[Work item]
The expected output is the set of lines below beginning at the one that contains "70s Lovin Candle" and ending at the final line, reproduced exactly.

[Material for the task]

□ □ □ □

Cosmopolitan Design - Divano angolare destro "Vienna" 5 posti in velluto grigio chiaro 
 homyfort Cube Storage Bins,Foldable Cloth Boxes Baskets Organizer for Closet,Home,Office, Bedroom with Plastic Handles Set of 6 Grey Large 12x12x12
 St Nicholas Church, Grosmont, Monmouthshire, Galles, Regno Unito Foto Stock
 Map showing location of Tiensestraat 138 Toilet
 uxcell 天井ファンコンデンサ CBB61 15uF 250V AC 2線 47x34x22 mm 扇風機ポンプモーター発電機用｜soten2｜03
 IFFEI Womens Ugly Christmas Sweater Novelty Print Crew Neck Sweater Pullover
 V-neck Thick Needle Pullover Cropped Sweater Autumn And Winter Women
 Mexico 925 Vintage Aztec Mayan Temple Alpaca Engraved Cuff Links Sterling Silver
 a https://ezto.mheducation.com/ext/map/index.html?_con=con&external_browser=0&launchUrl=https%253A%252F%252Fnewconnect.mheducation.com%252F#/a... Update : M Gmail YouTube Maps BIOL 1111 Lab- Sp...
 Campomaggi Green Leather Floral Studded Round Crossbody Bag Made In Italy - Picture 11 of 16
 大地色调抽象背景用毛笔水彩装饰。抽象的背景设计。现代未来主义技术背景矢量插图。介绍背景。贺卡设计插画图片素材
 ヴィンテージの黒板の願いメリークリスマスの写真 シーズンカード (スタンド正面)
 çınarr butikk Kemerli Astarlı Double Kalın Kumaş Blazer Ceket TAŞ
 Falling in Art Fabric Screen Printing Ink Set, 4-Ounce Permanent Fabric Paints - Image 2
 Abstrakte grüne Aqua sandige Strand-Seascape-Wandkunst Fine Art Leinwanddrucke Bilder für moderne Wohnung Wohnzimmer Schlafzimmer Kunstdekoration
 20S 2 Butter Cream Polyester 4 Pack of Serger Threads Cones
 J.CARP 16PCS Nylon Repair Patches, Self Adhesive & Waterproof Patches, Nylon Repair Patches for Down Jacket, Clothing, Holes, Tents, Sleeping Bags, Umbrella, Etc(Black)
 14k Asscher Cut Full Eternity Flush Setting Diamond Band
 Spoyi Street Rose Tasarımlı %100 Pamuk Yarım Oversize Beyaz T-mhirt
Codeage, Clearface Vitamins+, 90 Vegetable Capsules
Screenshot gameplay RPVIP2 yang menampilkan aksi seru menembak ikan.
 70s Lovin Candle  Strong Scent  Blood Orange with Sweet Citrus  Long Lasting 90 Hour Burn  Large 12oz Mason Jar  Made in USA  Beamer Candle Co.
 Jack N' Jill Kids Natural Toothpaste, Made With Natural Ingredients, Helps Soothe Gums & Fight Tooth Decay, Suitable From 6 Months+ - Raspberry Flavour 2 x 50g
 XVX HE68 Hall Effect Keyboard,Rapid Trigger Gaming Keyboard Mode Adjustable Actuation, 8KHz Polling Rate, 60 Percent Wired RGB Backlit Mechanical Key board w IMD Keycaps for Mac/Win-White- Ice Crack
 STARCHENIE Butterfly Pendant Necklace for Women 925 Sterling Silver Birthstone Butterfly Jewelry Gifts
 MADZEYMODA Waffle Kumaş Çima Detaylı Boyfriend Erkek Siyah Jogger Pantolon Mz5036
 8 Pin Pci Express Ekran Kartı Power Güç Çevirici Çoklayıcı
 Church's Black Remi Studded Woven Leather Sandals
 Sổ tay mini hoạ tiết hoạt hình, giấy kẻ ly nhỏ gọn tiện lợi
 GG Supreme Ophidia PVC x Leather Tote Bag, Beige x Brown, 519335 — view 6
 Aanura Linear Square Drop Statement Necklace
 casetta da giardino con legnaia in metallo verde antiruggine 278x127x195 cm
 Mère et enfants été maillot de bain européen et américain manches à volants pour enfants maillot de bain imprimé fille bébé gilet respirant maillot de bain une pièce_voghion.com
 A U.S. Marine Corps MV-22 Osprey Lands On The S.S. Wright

□ □ □ □

[Result of the exercise]
 70s Lovin Candle  Strong Scent  Blood Orange with Sweet Citrus  Long Lasting 90 Hour Burn  Large 12oz Mason Jar  Made in USA  Beamer Candle Co.
 Jack N' Jill Kids Natural Toothpaste, Made With Natural Ingredients, Helps Soothe Gums & Fight Tooth Decay, Suitable From 6 Months+ - Raspberry Flavour 2 x 50g
 XVX HE68 Hall Effect Keyboard,Rapid Trigger Gaming Keyboard Mode Adjustable Actuation, 8KHz Polling Rate, 60 Percent Wired RGB Backlit Mechanical Key board w IMD Keycaps for Mac/Win-White- Ice Crack
 STARCHENIE Butterfly Pendant Necklace for Women 925 Sterling Silver Birthstone Butterfly Jewelry Gifts
 MADZEYMODA Waffle Kumaş Çima Detaylı Boyfriend Erkek Siyah Jogger Pantolon Mz5036
 8 Pin Pci Express Ekran Kartı Power Güç Çevirici Çoklayıcı
 Church's Black Remi Studded Woven Leather Sandals
 Sổ tay mini hoạ tiết hoạt hình, giấy kẻ ly nhỏ gọn tiện lợi
 GG Supreme Ophidia PVC x Leather Tote Bag, Beige x Brown, 519335 — view 6
 Aanura Linear Square Drop Statement Necklace
 casetta da giardino con legnaia in metallo verde antiruggine 278x127x195 cm
 Mère et enfants été maillot de bain européen et américain manches à volants pour enfants maillot de bain imprimé fille bébé gilet respirant maillot de bain une pièce_voghion.com
 A U.S. Marine Corps MV-22 Osprey Lands On The S.S. Wright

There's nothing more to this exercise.